Both actions seem like an overreaction. While there was indeed earmark abuse, all for-profit entities were not abusing them, and the House Democrats' actions seem to be punishing those who were following the rules. Also, as a recent New York Times article on the Congressional Black Caucus Foundations suggested, not all non-profits are perfect angels. And banning all earmarks completely won't get rid of corruption or influence-peddling; the most famous recent such scandal, involving Jack Abramoff, wasn't about earmarks.
We at OMB Watch don't take a strong stance either way on earmarks, so we're not going to endorse either party's proposal. What we care about is transparency. As long as everything is transparent and above-board, we're okay with it. But right now, the earmark process could be a lot more transparent.
The problem is that it can be difficult to tell who requests which earmark. In 2009, Congress mandated that Members disclose their earmark requests online. This should have solved the transparency problem, but instead of providing the data in one place, the new rule left it up to each Member to post their earmarks on their individual websites. This meant that there were now 535 different websites listing earmark requests.
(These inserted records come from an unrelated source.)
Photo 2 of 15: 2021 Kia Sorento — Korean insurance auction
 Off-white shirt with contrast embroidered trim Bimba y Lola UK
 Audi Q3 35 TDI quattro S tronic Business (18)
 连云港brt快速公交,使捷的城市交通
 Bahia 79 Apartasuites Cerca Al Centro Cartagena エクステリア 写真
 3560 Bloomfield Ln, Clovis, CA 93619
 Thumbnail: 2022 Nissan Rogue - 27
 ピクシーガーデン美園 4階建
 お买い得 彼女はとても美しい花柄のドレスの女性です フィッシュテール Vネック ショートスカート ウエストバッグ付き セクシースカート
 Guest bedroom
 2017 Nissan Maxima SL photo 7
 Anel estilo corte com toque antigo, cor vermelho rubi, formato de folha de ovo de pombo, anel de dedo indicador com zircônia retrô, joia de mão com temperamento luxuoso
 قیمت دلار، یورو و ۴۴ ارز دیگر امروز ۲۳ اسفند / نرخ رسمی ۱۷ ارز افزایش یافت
To help fix this new problem, Obey's announcement banning earmarks for for-profits also included a promise to provide a "one-stop" link to all Members' earmark requests. While it's not clear what how this promise will be executed (one page with every Member's earmark requests, or one page with links to each Member's website which lists their requests?), we're hopeful it's similar to the principal behind a petition OMB Watch just signed onto. The petition calls on Congress and the Obama administration to make public all earmark information, in one place, in a data-readable format. This information, the "who, what, when, where" of every earmark, could be used by everyone from journalists to advocates to ordinary citizens to actually make the earmark process transparent. It's a great idea, and getting support for the petition is important. Even if Obey releases all earmark information in one place, we still need the Senate data, since Obay's power is only over the House appropriations bills. So go sign the petition, and help bring transparency to the earmark process.